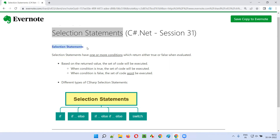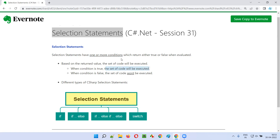What exactly are selection statements? Selection statements are statements which have one or more conditions. These conditions, when evaluated, may either result in true or false. When the condition in a selection statement results in true, some set of code will be executed. If the condition results in false, that set of code won't be executed.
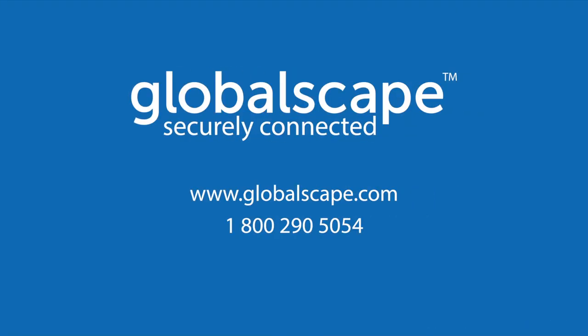To learn more about EFT WorkSpaces, please visit our website or contact us for a more detailed demonstration.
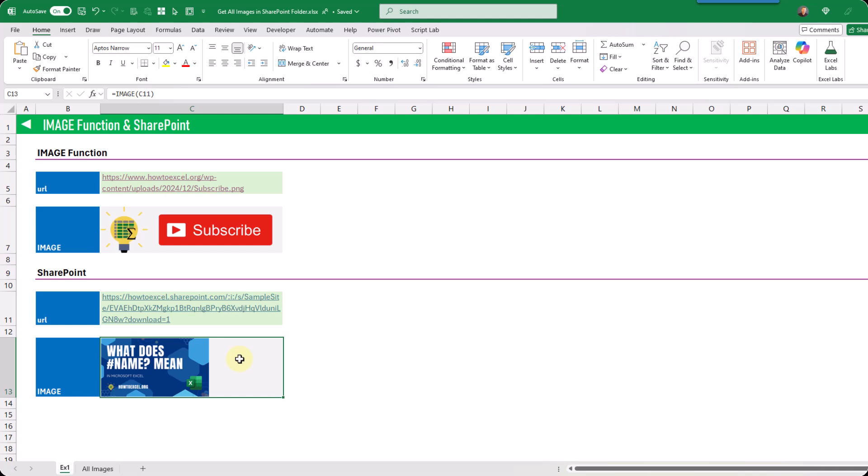Now if we've got a folder full of images that we want in our Excel workbook, we're going to have to manually create these links for each of them and then use the image function with those links — and of course we don't want to do all that manual work. So instead what we're going to use is Power Automate to automatically generate all of these shared links for us and return them into Excel.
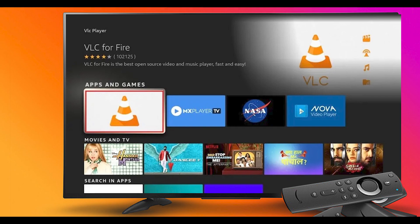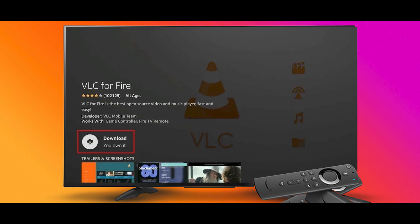Select VLC for Fire under Apps and Games. Click Download to install VLC on Firestick. Now you can see you have successfully installed VLC on Firestick. And you are done.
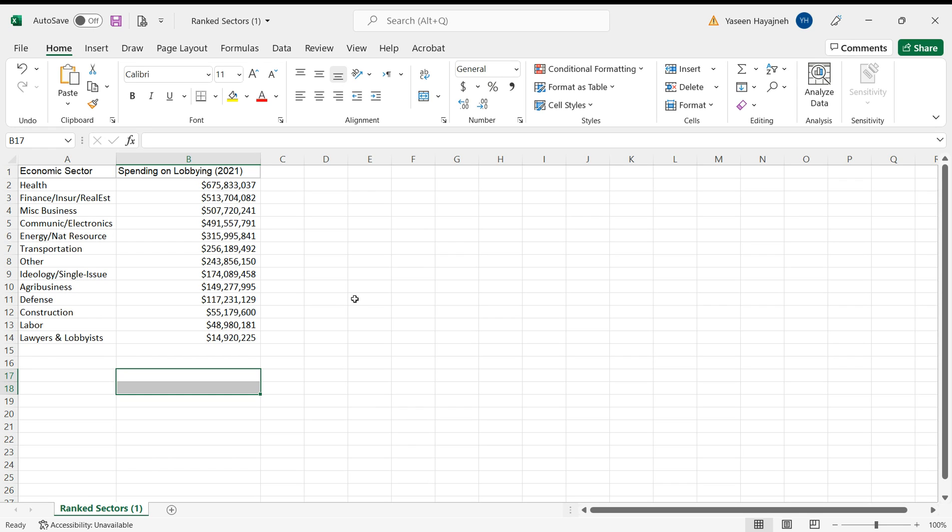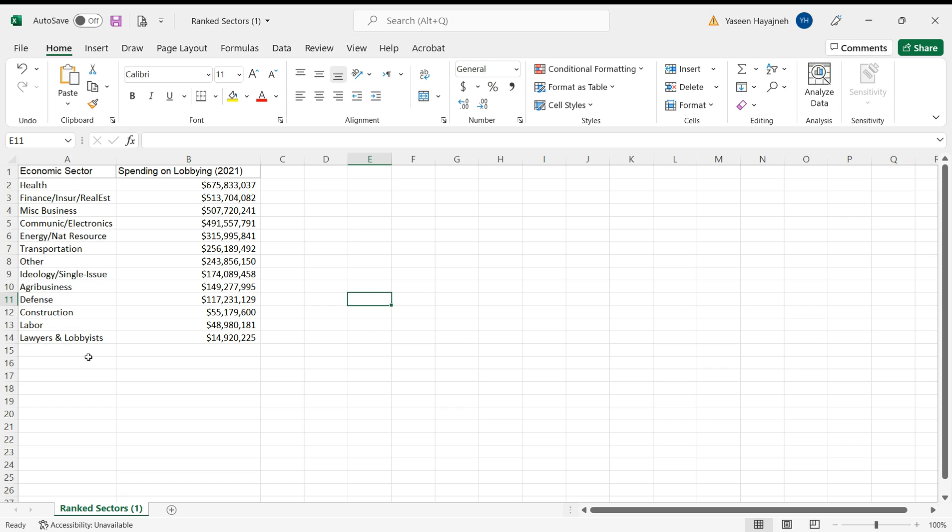Learn how to build a bar chart. We have this data - it shows the amount of money spent on lobbying by different economic sectors for the year 2021.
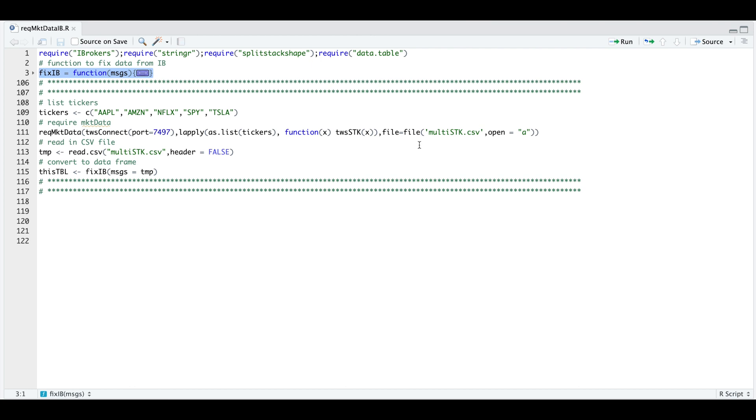You will need to stop the connection in the console in order for us to read the file within the same RStudio session. Otherwise you can read the CSV file from a different script as long as we're getting data. And then once we read that CSV file, we can use our helper function to process the messages and create the table. So I'll run through an example using different tickers.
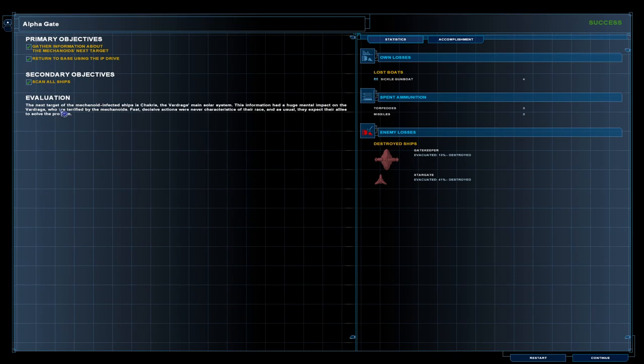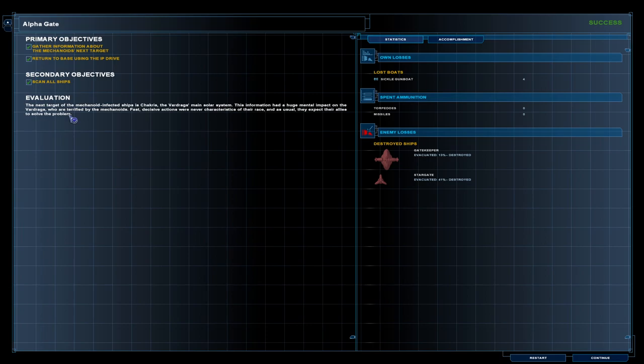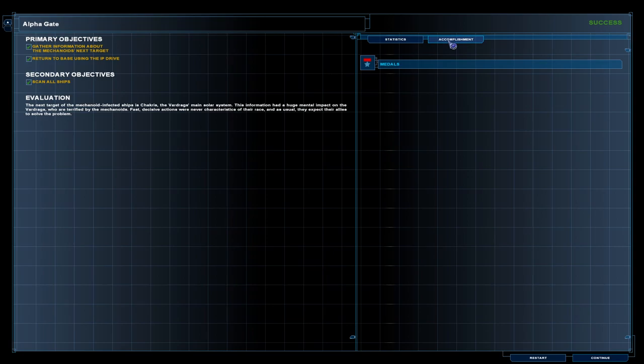Alright, we did scan all the ships. Good. The next target of the mechanoid infested ships is Chakras, the Vardrax's main solar system. This information had a huge mental impact on the Vardrax, who were terrified by the mechanoids. The fastest sites of actions were never characteristics of their race. And as usual, they expect their allies to solve the problem.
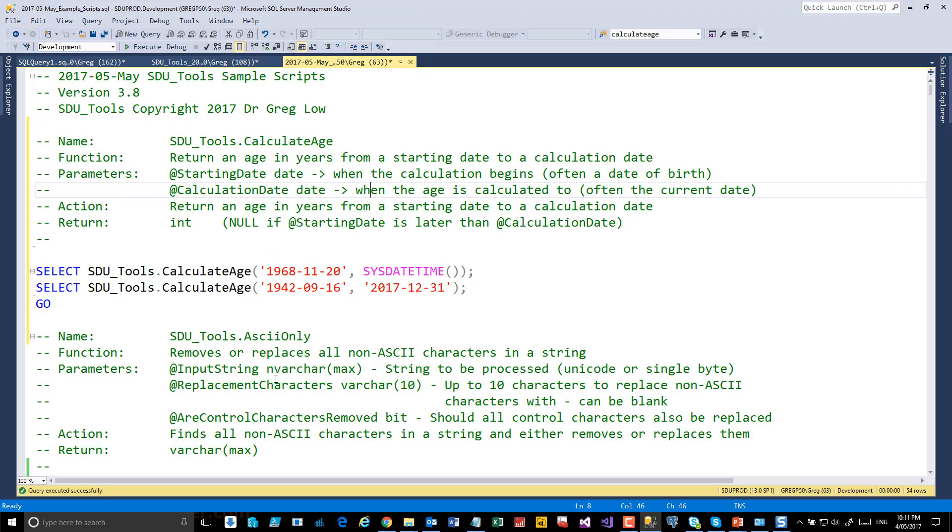It's a very common requirement in systems to be able to calculate the age of some item or some person. We've provided a tool to make that easy.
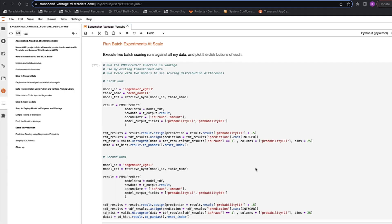First, PMML Predict can be run against the full 6 million record dataset. As a reminder, this is data that has already been prepared using Vantage Analytics library. We'll note this scoring takes less than a second to execute because Vantage allows you to score millions of records at once.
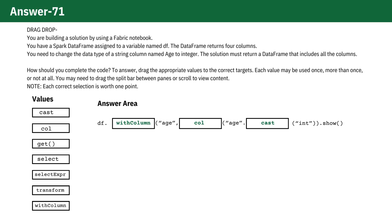The correct answer is here. The withColumn method is used to either add a new column to the DataFrame or replace an existing column with the same name. In this case, it's modifying the age column.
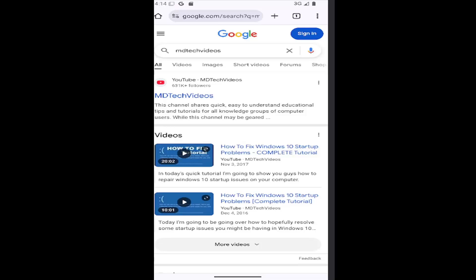In today's tutorial, we're going to set or change a custom homepage on the Google Chrome mobile app. So this should hopefully be a pretty straightforward process here, guys.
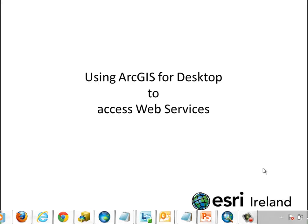Welcome. In this video clip we're going to take a look at how we can use the familiar ArcGIS for Desktop software to connect to a variety of web services which are generally available on the GeoWeb. We're going to use these public web services to make maps from data that's generally held by other people and we're going to take a look at how we can combine these public web services with our own data to make new maps on ArcGIS Desktop.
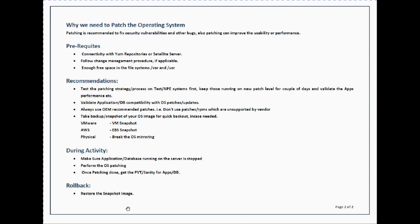For recommendations: first, you must test your patching process or strategy on your test or non-production system first, because it's not recommended to patch your production system directly. Always test on non-prod systems — if everything went fine, then patch your production system. Also, before patching, validate that the application or database running on that Red Hat or CentOS system is supported with the latest patch levels.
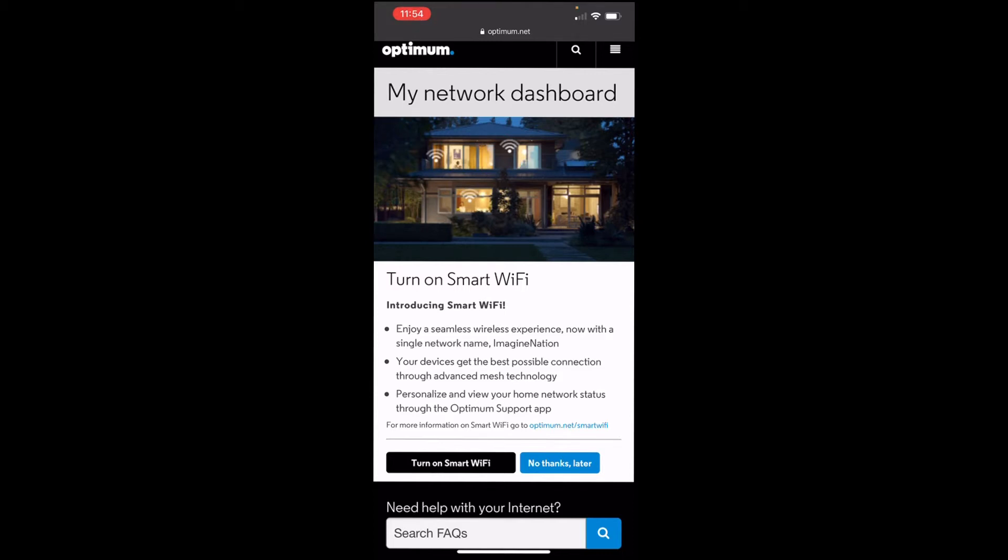So, once you're on my network dashboard, just let it load. Now, right now, what it's doing is going to ask me about the Smart Wi-Fi thing. It should show up. There we go. The Smart Wi-Fi thing. Turn on Smart Wi-Fi. Enjoying the seamless wireless experience now with a single network name. Your devices get the best possible connection through advanced message technology.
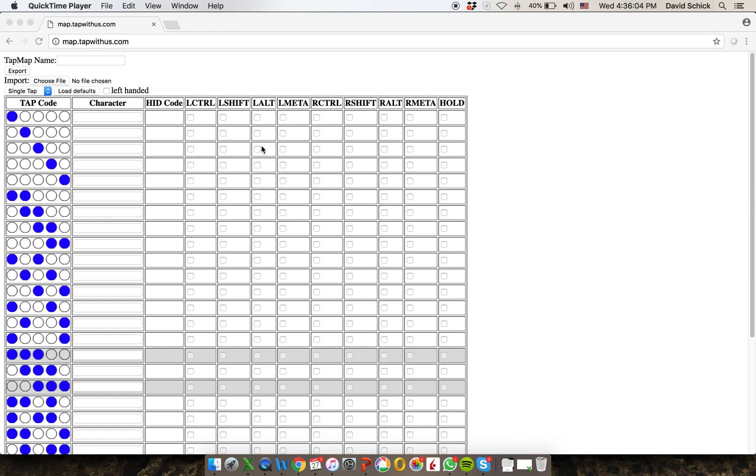Hey, this is a tutorial which explains how to use the TapMapper tool. It's a web-hosted tool at map.tapwithus.com. At the top of the screen, you're going to see some controls that I'll describe. And then below it, there's a table which you're going to use for entering the map.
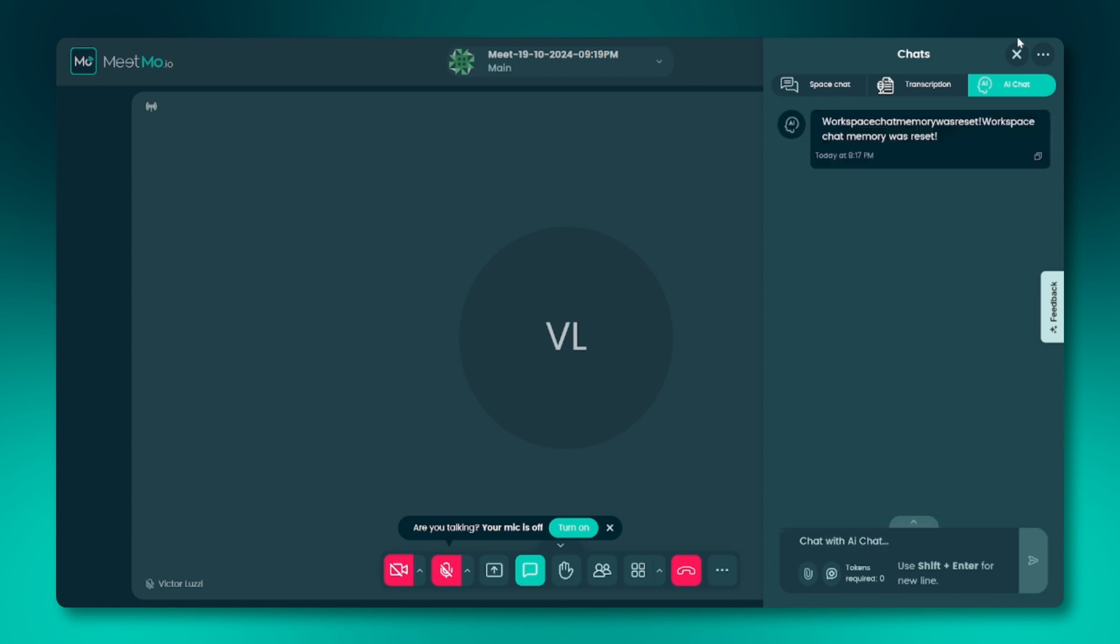Fourth, chat settings - the three dots icon. In the top right corner of the AI chat window, you'll see an icon with three dots. Clicking on this will give you two options.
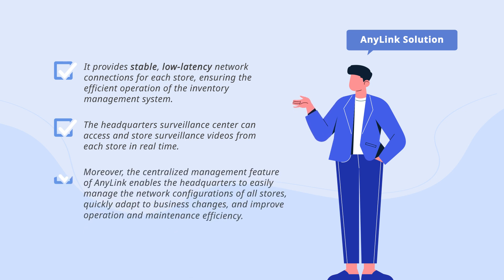The headquarters surveillance center can access and store surveillance videos from each store in real-time. Moreover, the centralized management feature of AnyLink enables the headquarters to easily manage the network configurations of all stores, quickly adapt to business changes, and improve operation and maintenance efficiency.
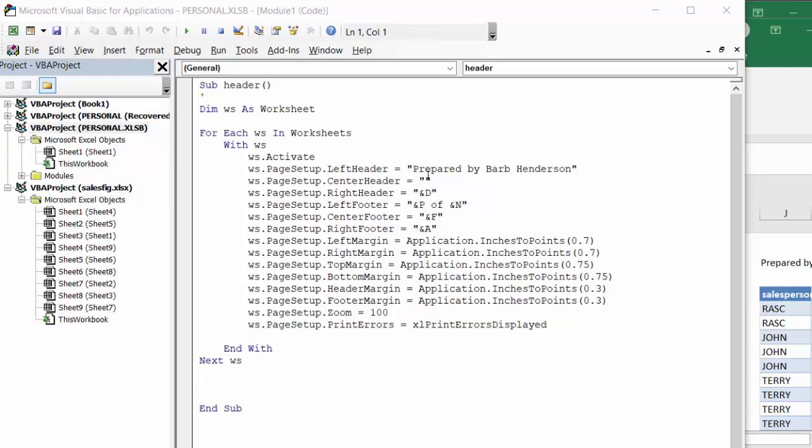But it's putting the name on the top, it's putting the date, and it's putting page one of how many pages there is. Then it's putting the file name and it's putting the sheet name on the end. And the rest of this is just to set up how your margins are going to look.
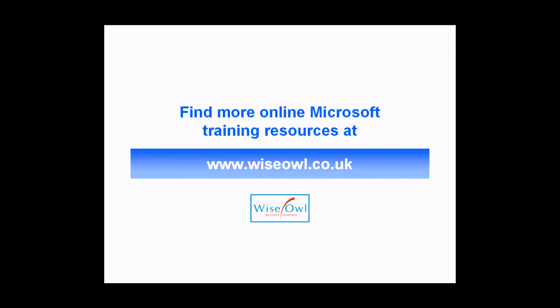If you've enjoyed this training video, you can find many more online training resources at www.wiseowl.co.uk.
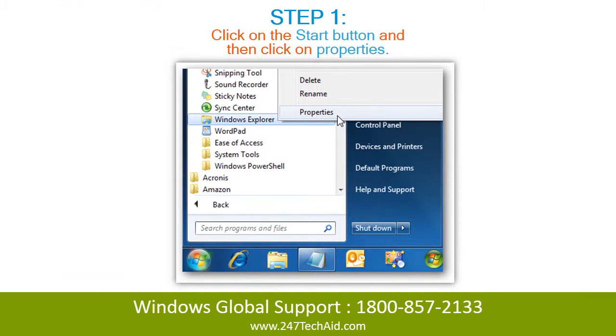Step 1: Click on the start button and then click on properties.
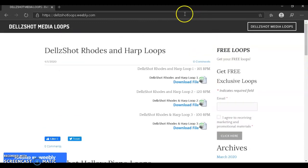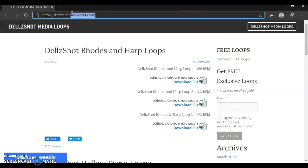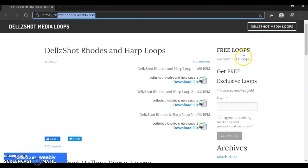Guys, just go to this website you're seeing here: Dellshot loops.weebly.com, or search this in the search bar and come get your free loops. Join my email list to get free exclusive loops.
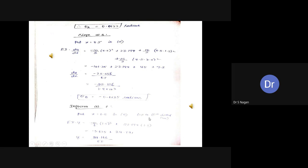Slope at A: put X equal to 0 up to the first dotted line, giving slope equal to 23.19/EI radians. Slope at B: put X equal to 4.5 in the entire equation. Deflection at C: put X equal to 1.5 m up to the first dotted line, giving YC equal to 29.16/EI. Deflection at D: put X equal to 3.5 m up to the second dotted line.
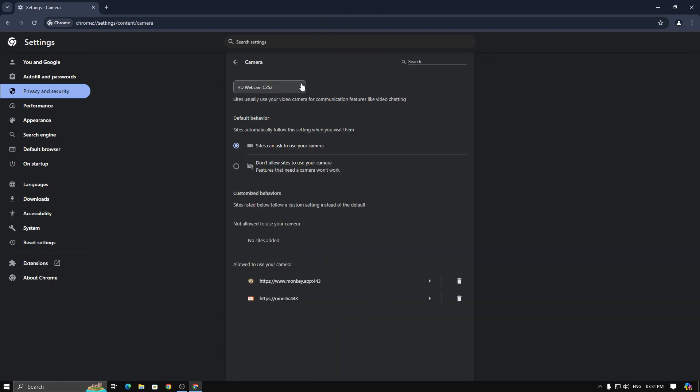You should only see OBS cam there. I have renamed mine to HD webcam C252. But if you haven't, you will need to do that. You can find how to do it in the videos on my channel or in the cards.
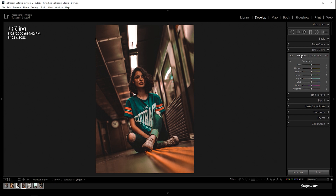Now go to saturation: red negative 20, orange negative 25, yellow negative 60, green negative 80, aqua negative 80, and blue negative 80.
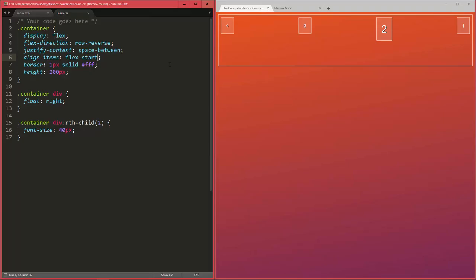Alright, so those are the five different values you can have for the property align-items where you can define how to align your items on the cross axis. Now with the knowledge you now have you can already do levels 1 to 13 in flexbox froggy and again I'm going to recommend you do that because it really helps. The most important thing is to get some practice and not just watch some videos. So make sure to also use this a bit for yourself and then I'm going to see you again in the next lecture.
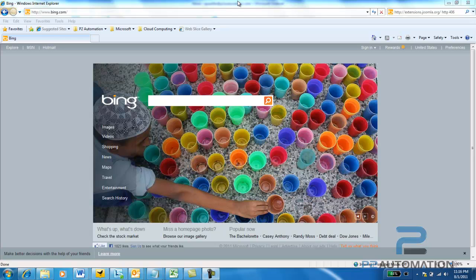As you know, the interface completely changed from Office 2003 to 2007, and many people I still talk to today find it frustrating to go from the old version to the new version.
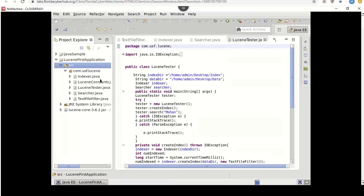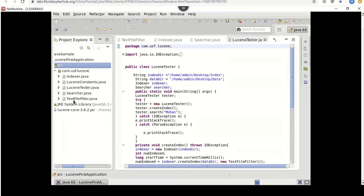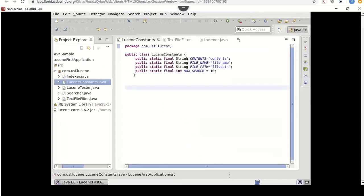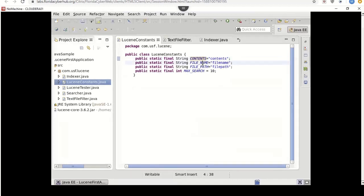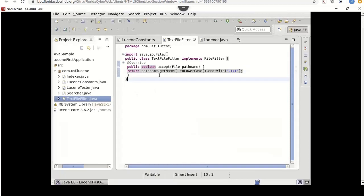The classes we have are: Indexer.java, LuceneConstance.java, LuceneTester.java, Searcher.java, and TextFileFilter.java. Let's look at each. In LuceneConstance.java I have four static variables: contents, file name, file path, and max search. In TextFileFilter.java, the file is filtered to take out only text files, and it returns the paths of those text files.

> _WHAT YOU WILL DO_
Leave out the pictures and repeat the lines from the start of the material through the line with "Select VLC for", inclusive.

> _YOUR RESPONSE_
What exactly are selection statements? Selection statements are statements which have one or more conditions. These conditions, when evaluated, may either result in true or false. When the condition in a selection statement results in true, some set of code will be executed. If the condition results in false, that set of code won't be executed.
To learn more about EFT WorkSpaces, please visit our website or contact us for a more detailed demonstration.
Now if we've got a folder full of images that we want in our Excel workbook, we're going to have to manually create these links for each of them and then use the image function with those links — and of course we don't want to do all that manual work. So instead what we're going to use is Power Automate to automatically generate all of these shared links for us and return them into Excel.
Select VLC for Fire under Apps and Games. Click Download to install VLC on Firestick. Now you can see you have successfully installed VLC on Firestick. And you are done.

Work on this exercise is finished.